::: Data records :::
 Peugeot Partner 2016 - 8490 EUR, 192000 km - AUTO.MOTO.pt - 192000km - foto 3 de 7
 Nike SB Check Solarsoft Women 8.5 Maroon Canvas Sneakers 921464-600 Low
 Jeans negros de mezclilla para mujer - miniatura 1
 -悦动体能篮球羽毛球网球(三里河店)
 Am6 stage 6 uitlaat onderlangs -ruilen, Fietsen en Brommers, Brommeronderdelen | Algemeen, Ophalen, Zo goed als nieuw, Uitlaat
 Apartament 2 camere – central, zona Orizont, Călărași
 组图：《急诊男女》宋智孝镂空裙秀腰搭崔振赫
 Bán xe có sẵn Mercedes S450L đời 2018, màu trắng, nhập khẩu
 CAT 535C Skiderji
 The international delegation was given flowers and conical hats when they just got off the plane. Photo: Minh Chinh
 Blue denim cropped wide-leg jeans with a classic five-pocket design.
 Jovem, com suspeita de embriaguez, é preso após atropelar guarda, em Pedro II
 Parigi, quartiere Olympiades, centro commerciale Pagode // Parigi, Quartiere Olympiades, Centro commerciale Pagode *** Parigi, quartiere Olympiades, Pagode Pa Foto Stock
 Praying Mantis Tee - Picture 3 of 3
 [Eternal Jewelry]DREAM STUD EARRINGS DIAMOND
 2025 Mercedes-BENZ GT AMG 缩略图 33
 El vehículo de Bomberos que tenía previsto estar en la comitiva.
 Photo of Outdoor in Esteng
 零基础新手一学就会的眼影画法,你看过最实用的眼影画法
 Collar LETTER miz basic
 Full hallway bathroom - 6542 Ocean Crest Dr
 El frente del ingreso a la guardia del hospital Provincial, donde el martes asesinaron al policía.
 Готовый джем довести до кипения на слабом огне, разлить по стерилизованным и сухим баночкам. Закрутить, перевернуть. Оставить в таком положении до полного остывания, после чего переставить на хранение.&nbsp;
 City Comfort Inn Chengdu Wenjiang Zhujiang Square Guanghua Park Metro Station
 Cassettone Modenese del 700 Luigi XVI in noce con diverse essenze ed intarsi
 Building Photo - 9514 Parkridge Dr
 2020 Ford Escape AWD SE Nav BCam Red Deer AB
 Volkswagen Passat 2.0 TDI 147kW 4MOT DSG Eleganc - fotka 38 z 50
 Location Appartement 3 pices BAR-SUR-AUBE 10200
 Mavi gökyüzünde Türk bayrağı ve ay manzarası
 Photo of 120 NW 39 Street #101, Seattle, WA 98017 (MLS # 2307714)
:::
**How to complete this task:**
Starting at the top, retype every line of the material above exactly.

**Solution:**
 Peugeot Partner 2016 - 8490 EUR, 192000 km - AUTO.MOTO.pt - 192000km - foto 3 de 7
 Nike SB Check Solarsoft Women 8.5 Maroon Canvas Sneakers 921464-600 Low
 Jeans negros de mezclilla para mujer - miniatura 1
 -悦动体能篮球羽毛球网球(三里河店)
 Am6 stage 6 uitlaat onderlangs -ruilen, Fietsen en Brommers, Brommeronderdelen | Algemeen, Ophalen, Zo goed als nieuw, Uitlaat
 Apartament 2 camere – central, zona Orizont, Călărași
 组图：《急诊男女》宋智孝镂空裙秀腰搭崔振赫
 Bán xe có sẵn Mercedes S450L đời 2018, màu trắng, nhập khẩu
 CAT 535C Skiderji
 The international delegation was given flowers and conical hats when they just got off the plane. Photo: Minh Chinh
 Blue denim cropped wide-leg jeans with a classic five-pocket design.
 Jovem, com suspeita de embriaguez, é preso após atropelar guarda, em Pedro II
 Parigi, quartiere Olympiades, centro commerciale Pagode // Parigi, Quartiere Olympiades, Centro commerciale Pagode *** Parigi, quartiere Olympiades, Pagode Pa Foto Stock
 Praying Mantis Tee - Picture 3 of 3
 [Eternal Jewelry]DREAM STUD EARRINGS DIAMOND
 2025 Mercedes-BENZ GT AMG 缩略图 33
 El vehículo de Bomberos que tenía previsto estar en la comitiva.
 Photo of Outdoor in Esteng
 零基础新手一学就会的眼影画法,你看过最实用的眼影画法
 Collar LETTER miz basic
 Full hallway bathroom - 6542 Ocean Crest Dr
 El frente del ingreso a la guardia del hospital Provincial, donde el martes asesinaron al policía.
 Готовый джем довести до кипения на слабом огне, разлить по стерилизованным и сухим баночкам. Закрутить, перевернуть. Оставить в таком положении до полного остывания, после чего переставить на хранение.&nbsp;
 City Comfort Inn Chengdu Wenjiang Zhujiang Square Guanghua Park Metro Station
 Cassettone Modenese del 700 Luigi XVI in noce con diverse essenze ed intarsi
 Building Photo - 9514 Parkridge Dr
 2020 Ford Escape AWD SE Nav BCam Red Deer AB
 Volkswagen Passat 2.0 TDI 147kW 4MOT DSG Eleganc - fotka 38 z 50
 Location Appartement 3 pices BAR-SUR-AUBE 10200
 Mavi gökyüzünde Türk bayrağı ve ay manzarası
 Photo of 120 NW 39 Street #101, Seattle, WA 98017 (MLS # 2307714)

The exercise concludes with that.